Return each line of the listing that has the word "Size" in it.

* **INPUT DATA**:
*** Block opens ***

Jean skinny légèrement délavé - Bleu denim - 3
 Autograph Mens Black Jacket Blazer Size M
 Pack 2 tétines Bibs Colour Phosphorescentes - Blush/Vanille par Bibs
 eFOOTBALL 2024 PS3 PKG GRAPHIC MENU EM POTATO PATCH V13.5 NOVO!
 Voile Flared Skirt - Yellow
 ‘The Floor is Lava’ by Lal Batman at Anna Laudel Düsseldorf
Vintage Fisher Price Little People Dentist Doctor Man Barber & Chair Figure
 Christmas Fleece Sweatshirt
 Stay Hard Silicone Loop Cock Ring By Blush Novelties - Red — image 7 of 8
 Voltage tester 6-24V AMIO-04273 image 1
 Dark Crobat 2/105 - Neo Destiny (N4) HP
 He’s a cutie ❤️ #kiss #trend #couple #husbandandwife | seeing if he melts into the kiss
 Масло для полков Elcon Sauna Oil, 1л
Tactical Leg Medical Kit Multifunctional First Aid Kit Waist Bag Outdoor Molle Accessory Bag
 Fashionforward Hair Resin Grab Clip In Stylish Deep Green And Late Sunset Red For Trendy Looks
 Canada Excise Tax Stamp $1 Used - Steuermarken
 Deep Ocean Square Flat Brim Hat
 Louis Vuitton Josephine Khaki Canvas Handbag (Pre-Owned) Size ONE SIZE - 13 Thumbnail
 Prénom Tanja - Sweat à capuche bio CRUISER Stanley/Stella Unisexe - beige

*** Block closes ***

* **ANSWER FOR THIS EXERCISE**:
 Autograph Mens Black Jacket Blazer Size M
 Louis Vuitton Josephine Khaki Canvas Handbag (Pre-Owned) Size ONE SIZE - 13 Thumbnail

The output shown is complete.